John Wiley Price and John Scovell showed up last week to defend Mayor Leppert’s hotel, but it was council member Vonciel Jones Hill who stole the show.

At last week’s meeting, the city council approved selling bonds to refinance the convention center and spending another $4 million on pre-development costs for the hotel. These were key items to secure Mayor Leppert’s plans to begin construction on the hotel in April and tie up approximately $100 million in hotel and convention center funding before the citizens have their say May 9.

“The political strategy you have adopted is obvious and unfortunate,” said Anne Raymond, leader of Citizens Against the Taxpayer-Owned Hotel. “You -- the mayor and city council -- intend to proceed at a breakneck pace, waste as much money as possible and then claim you’ve gone to far to turn back.”

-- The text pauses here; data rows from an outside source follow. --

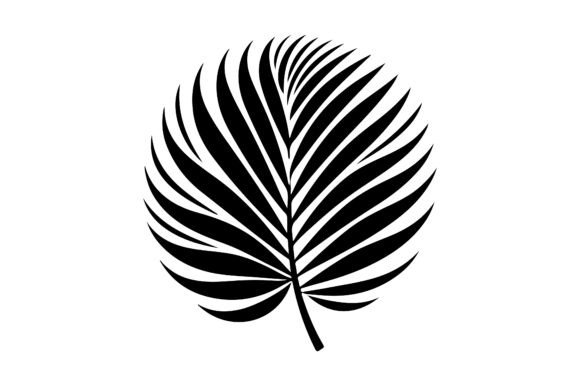 Download A Palm Tree Leaf Silhouette Vector - Silhouette Collection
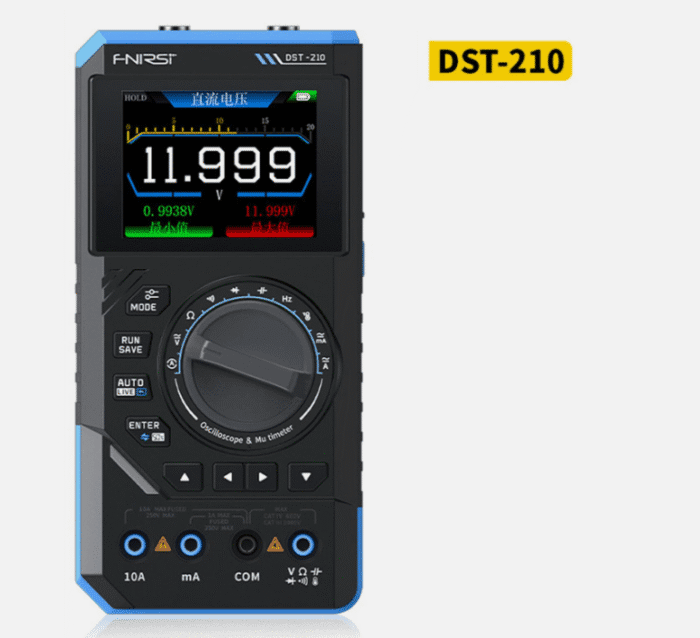 اسیلوسکوپ دستی افنیرسی (FNIRSI) DST-210 - تصویر 1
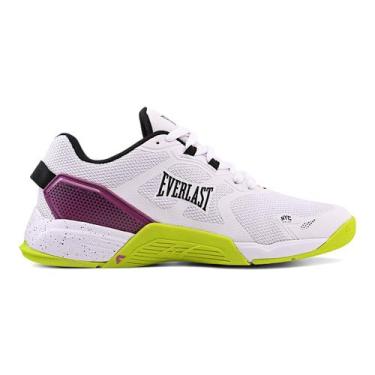 Imagem de Tênis Everlast Climber Pro 3 SEUA 227 Unissex, 38, Branco, Amarelo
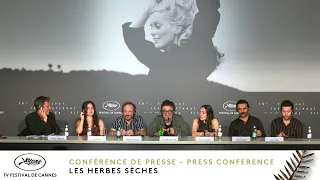 Les herbes sèches - Conférence de presse -  VF - Cannes 2023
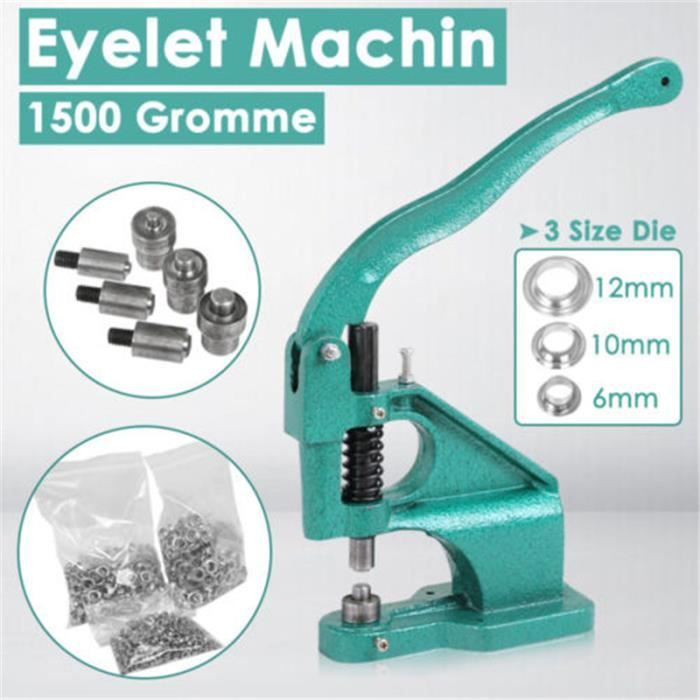 Garnaco Machine A Oeillet Rivets Manuelle Presse A Cremaillere Professionnelle 3 Matrices Et 1500 Achat Vente Riveuteuse Pince Garnaco Machine A Oeillet Cdiscount
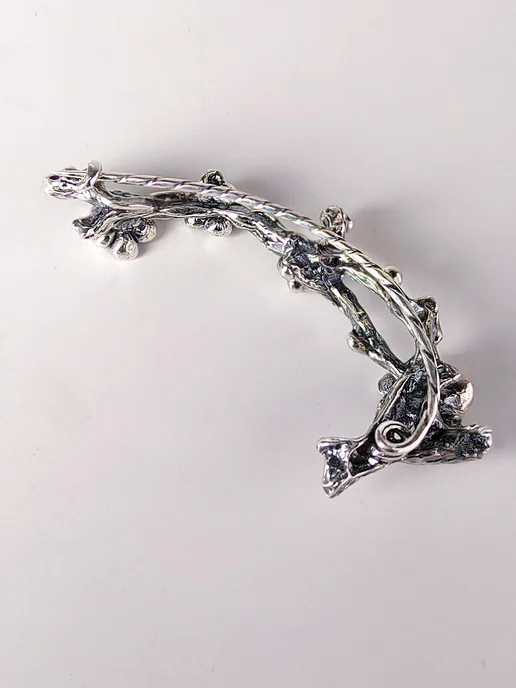 Alcedo Jewelry Ювелирная брошь Сакура Серебро 925, серебристый, фото 5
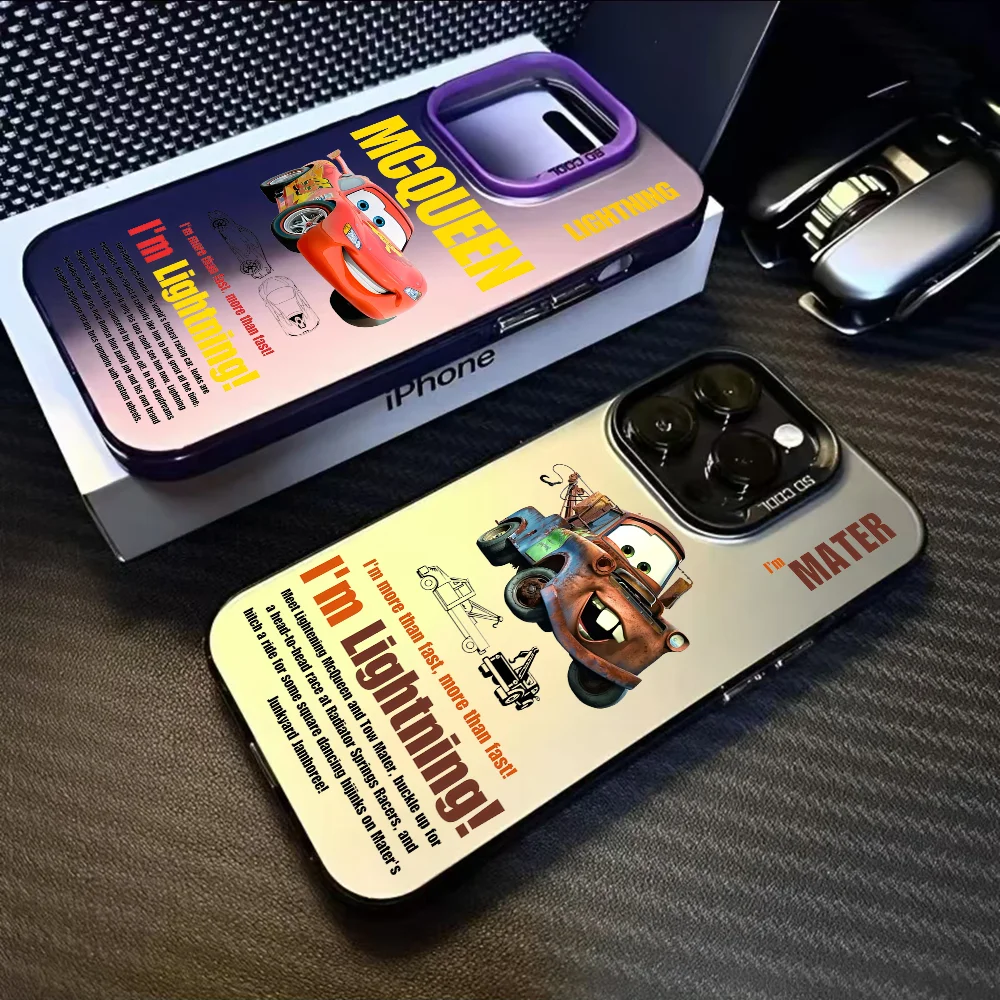 Cartoon Lightning McQueen Phone Case For iPhone 16 15 14 13 12 11 Pro Max Black Matte Multicolor Laser Metallic Aurora Cover
Cartoon Lightning McQueen Phone Case For iPhone 16 15 14 13 12 11 Pro Max Black Matte Multicolor Laser Metallic Aurora Cover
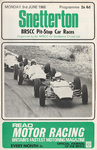 Programme cover of Snetterton Circuit, 03/06/1968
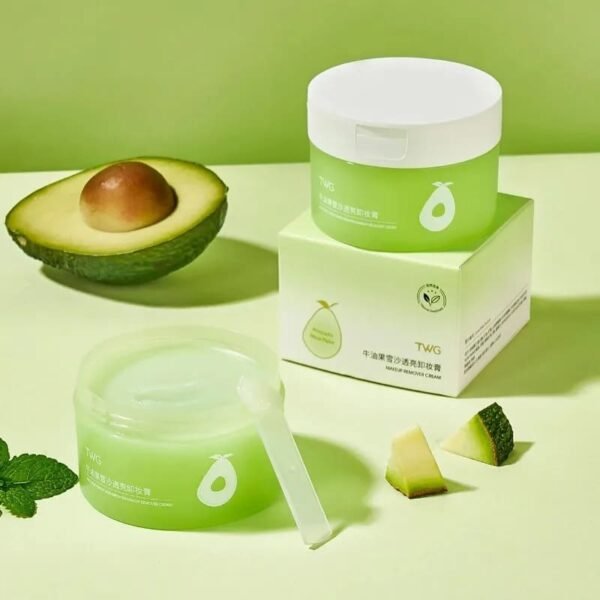 Three scent variants of avocado cleansing balm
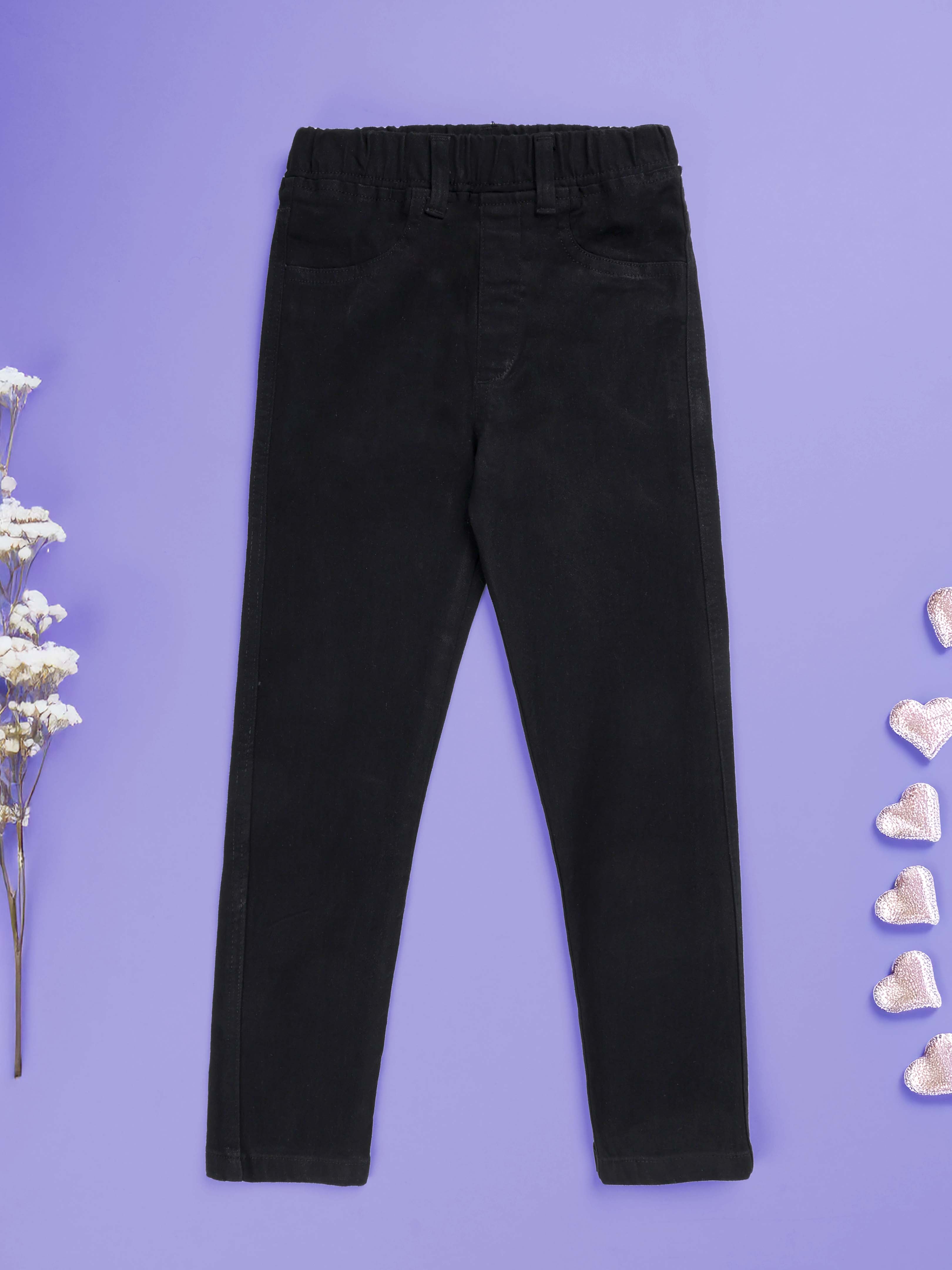 Girls Stretch Denim Jeggings with Belt Loops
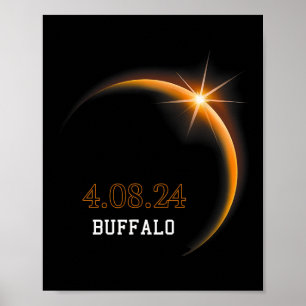 Solar Eclipse 2024 Buffalo Totality Spring 4.08.24 Poster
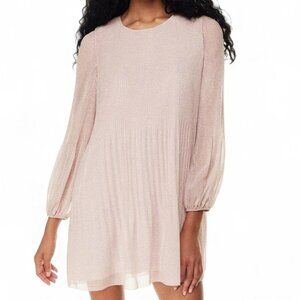 Aritzia Wilfred Daydreamer Longsleeve mini floral lilac dress Size small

I wasn’t present for vote, as I didn’t have all day to sit around waiting until Leppert decided to hear the items, which turned out to be around 3:30 p.m. But plenty of others packed the council chambers, including two secret weapons from the Build the Hotel’ers: John Scovell and John Wiley Price. I’ve left several messages for Scovell at his office for comment over the past few weeks with no success regarding his endorsement of the hotel, and his decision to come out of hiding for this vote spoke volumes about its importance.

I tuned in on the Internet during the council discussion and missed Scovell and the other speakers, but thanks to the city’s new meeting archive, I was able to see what I missed. After the jump, we’ll discuss what Scovell and Price had to say, try to figure out what council member Jerry Allen is smoking and provide a transcript of Vonciel Jones Hill’s speech urging the council to slow down.

When an issue gets a big turnout, council regulars can’t help themselves from speaking, and this was no exception. While the hotel opponents had the mic, Jill Floyd offered up the best case I’ve heard to not build the hotel, saying, “So we’re going to send our kids to the hotel to have sex?”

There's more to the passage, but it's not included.